We bought our first Schwinn, about 7 weeks ago and it might not have been a bargain, but we can learn from it.










Paint on the frame was not really good, and the decals were fading off. We took off the fenders, stainless steel, with plenty of dents, took the rivets out, and cleaned the tar. We were able to remove the majority of the dents, but found a person who can take them out in full using an old English wheel. $ 35 per fender, guess we will do it. The scratches need to be removed as well, we are working on this, will be a challenging part as well.

The rust on the rims is awful, removing is tough, and can not be performed completely, we are OK with that. It did not have the right seat, we found found one on ebay and looks great.

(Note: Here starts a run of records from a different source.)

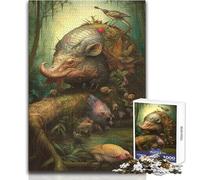 Jigsaw Puzzles for Adults 1000 Piece A Surreal Giant Forest Hog Hands-on Game Learning Educational Gift For Birthdays Size 50x75cm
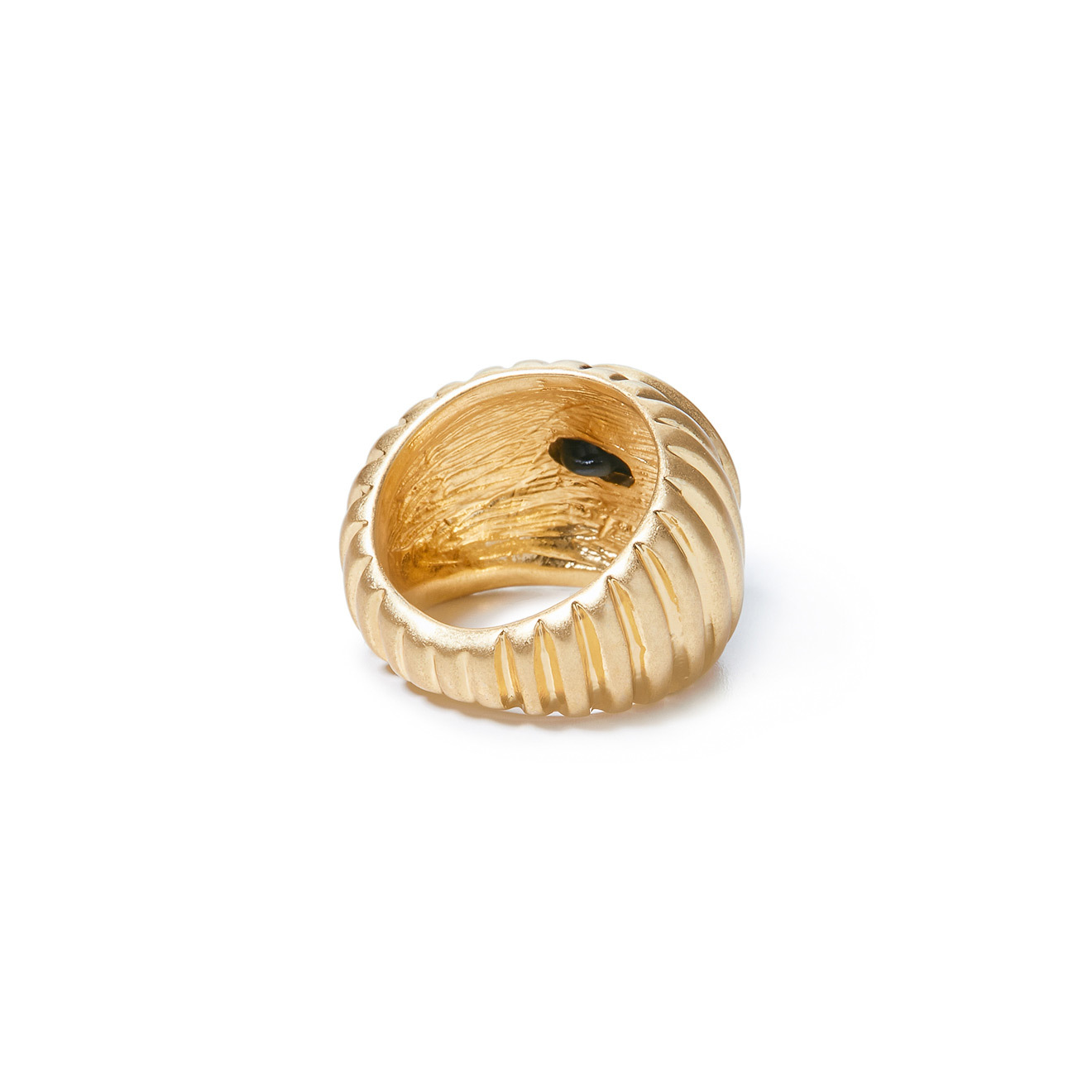 signet ring with black insert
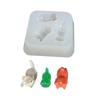 Easy Release Silicone Mold Epoxy Resin Three Cats Pendant Accessories Mould Jewelry Making Tool for Craft Enthusiasts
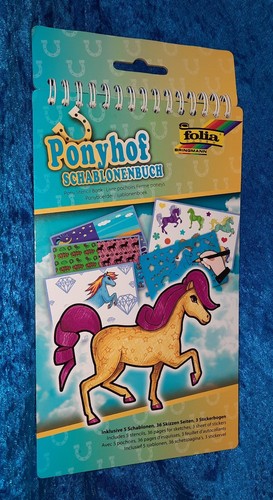 Schablonenbuch ponyhof folia - schablonenbuch,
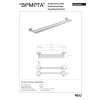 Bemeta NEO Podwójny wieszak na ręczniki 600 mm 104204055$K
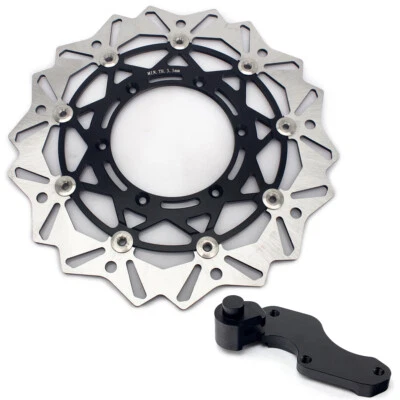 For Suzuki Oversize Brake Disc Rotor + Adapter RM125 RM250 96-09 DRZ400S DRZ400E - Image 1 of 4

We sanded the frame down, yes I know, maybe not a wise thing, but the paint was terrible, the bike was used by a person delivering newspapers........We spoke to several persons, some paint it themselves, some at a carshop, we decided on powder coating, dropped of the frame and fork today. Pick up somewhere next week. 

Foto's will folow. 

It is a nice project, a lot of learning, but most of all, the leader of the project is my 12 year old son. He puts in a lot of effort, forgets about having an Ipad, I love it!


----------



## greenephantom (Aug 31, 2012)

Neat project.

Seems like I always say this, but:  It looks like your fork it bent backwards slightly from a previous crash.  This is a pretty common occurence, and a bike shop with the proper tools can straighten it out for you.

Didn't read closely enough to see if you were re-doing the bike in black again, or if you've sourced the proper rear rack, but the Phantom 4 hole rear rack is the same rack as the Jag II used and has been reproduced and is commonly available in black.

Cheers, Geoff


----------



## Germax (Sep 1, 2012)

I am not sure if the fork is bend, can not check it now, it is all at the paint shop. It will be black, 60% gloss only. Working on getting all the decals as well, not sure on the back rack, guess we stay with the wired rack, looks nice, and easy for shopping. 

We took the brace from the fenders and painted them today. We are now looking for new rivets, do not want to pay $10.00 for two pcs.

This will be a daily rider in the future, but most of all, a father and son project.

It is all about having fun.


----------